Эту работу надо выполнить для нового поколения, для ближайшего будущего, которое теперь наступает слишком быстро, «незаметно». Такого рода центр может быть создан на общественных началах, рассчитывая на поддержку государства (я имею в виду пока наших соотечественников; у России, конечно, внутренних проблем, как говорится, выше крыши; а у кого их нет; но поскольку роль России в мировых процессах высока и будет, несомненно, возрастать, есть надежда, хотя и слабая, что наше нынешнее правительство найдет возможность уделить этому некоторое внимание и скромные средства). Подобные центры, несомненно, будут созданы во всех развитых странах. Нечто похожее давно существует уже в разных неразвитых формах. Но вряд ли можно говорить о каких-либо действительно значительных в теоретическом плане и, главное, практически целенаправленных результатах их деятельности.

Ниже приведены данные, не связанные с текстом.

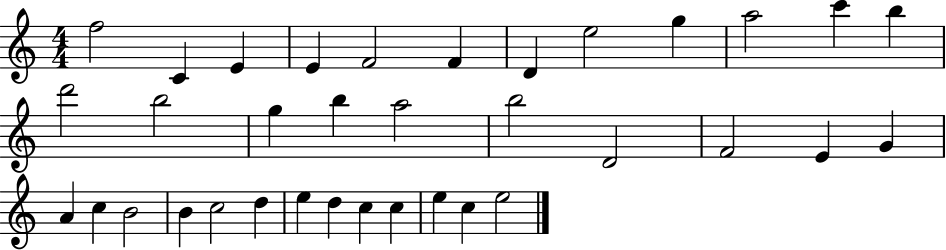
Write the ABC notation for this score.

X:1
T:Untitled
M:4/4
L:1/4
K:C
f2 C E E F2 F D e2 g a2 c' b d'2 b2 g b a2 b2 D2 F2 E G A c B2 B c2 d e d c c e c e2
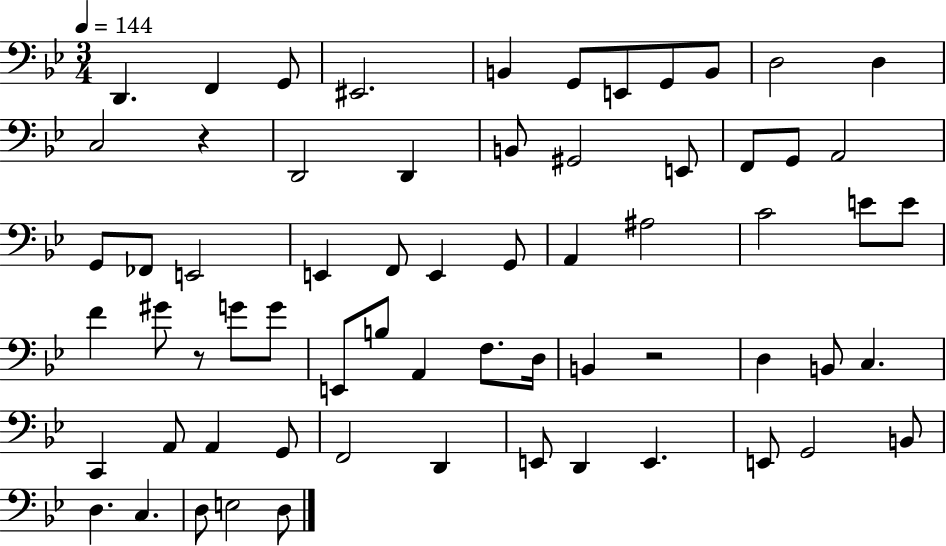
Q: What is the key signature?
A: BES major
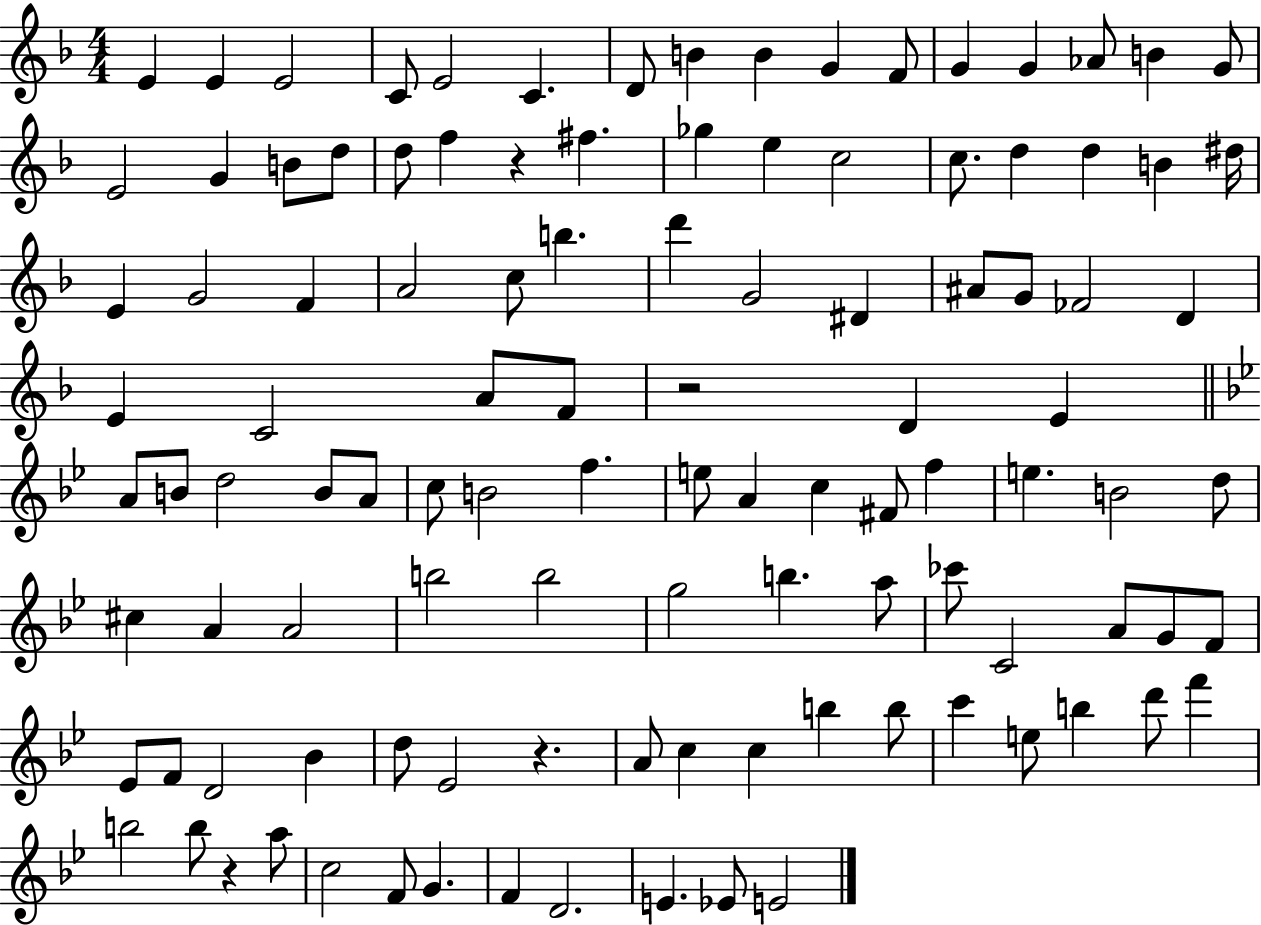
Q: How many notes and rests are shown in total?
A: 110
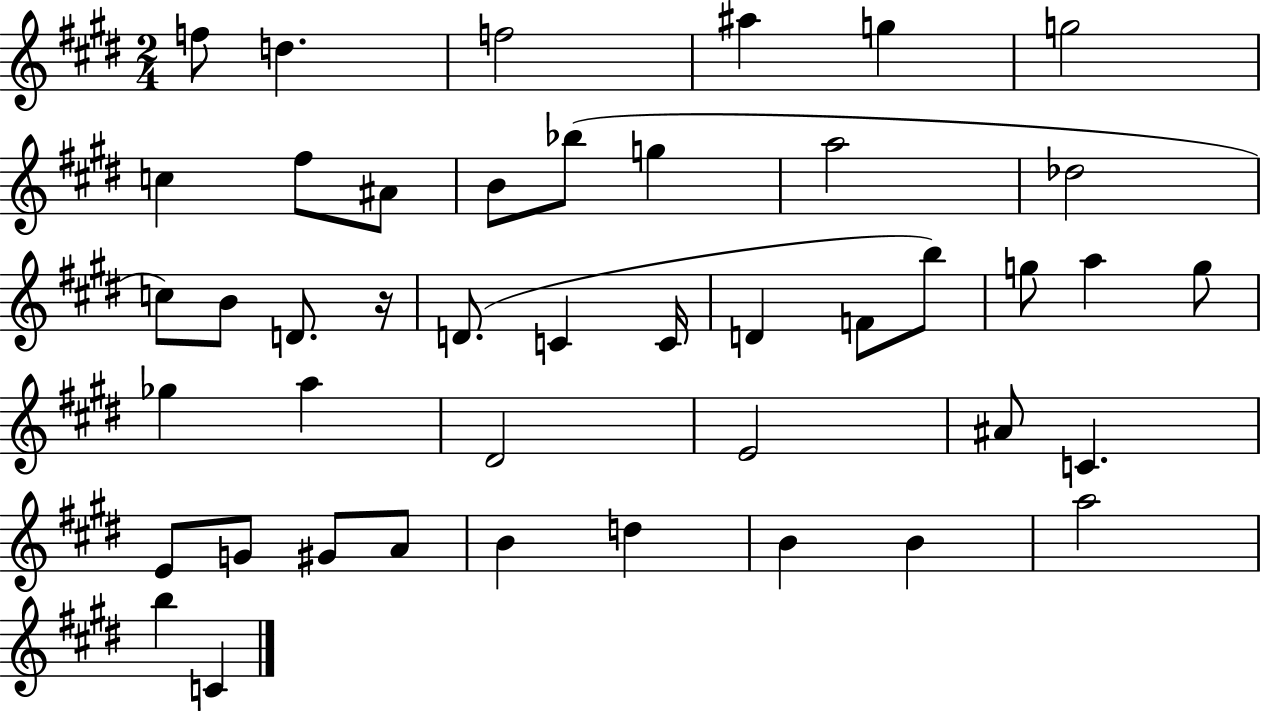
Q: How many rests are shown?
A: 1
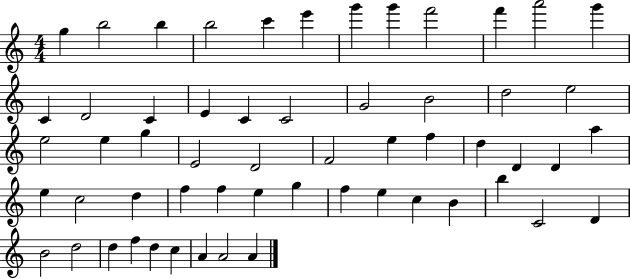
{
  \clef treble
  \numericTimeSignature
  \time 4/4
  \key c \major
  g''4 b''2 b''4 | b''2 c'''4 e'''4 | g'''4 g'''4 f'''2 | f'''4 a'''2 g'''4 | \break c'4 d'2 c'4 | e'4 c'4 c'2 | g'2 b'2 | d''2 e''2 | \break e''2 e''4 g''4 | e'2 d'2 | f'2 e''4 f''4 | d''4 d'4 d'4 a''4 | \break e''4 c''2 d''4 | f''4 f''4 e''4 g''4 | f''4 e''4 c''4 b'4 | b''4 c'2 d'4 | \break b'2 d''2 | d''4 f''4 d''4 c''4 | a'4 a'2 a'4 | \bar "|."
}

Преобразования человека и общества, безусловно, должны мыслиться как постепенный и длительный процесс, предполагающий несколько этапов. Согласно расчетам выдающегося ученого Н. Моисеева, если все и дальше пойдет, как теперь, нам осталось около 100 лет. Срок в общем-то немалый, примерно время для трех поколений, но при условии, что продолжится стремительное развитие NBIC и плодотворное использование его результатов во всех сферах социума, что будет возможность сосредоточиться на решении главной проблемы в более или менее терпимой обстановке. Но последнее, к сожалению, маловероятно. В ближайшее десятилетие следует ожидать резкого обострения борьбы за энергетические ресурсы, за воду и другие источники жизни. Уже сейчас первостепенной задачей является обуздание мирового терроризма, тех экстремистских сил, которые грозят ввергнуть человечество во мрак варварства и религиозного фанатизма. Думаю, на этом первом этапе неизбежны масштабные катаклизмы и использование силовых методов борьбы, вплоть до крайних. Региональные катаклизмы примут глобальные очертания, экологической системе будет нанесен дальнейший ущерб, к этому добавится доходчивая для каждого проблема не только воды, но и воздуха. На западный, да и на восточный мир ощутимо повеет холодом небытия. Это, скорее всего, остудит закоренелый эгоистический пыл самых мощных держав, прояснит безотлагательную потребность объединения главных усилий в целях выживания. Надо полагать, что в этом России будет принадлежать первостепенная роль в силу ее колоссальной территории и громадных природных ресурсов.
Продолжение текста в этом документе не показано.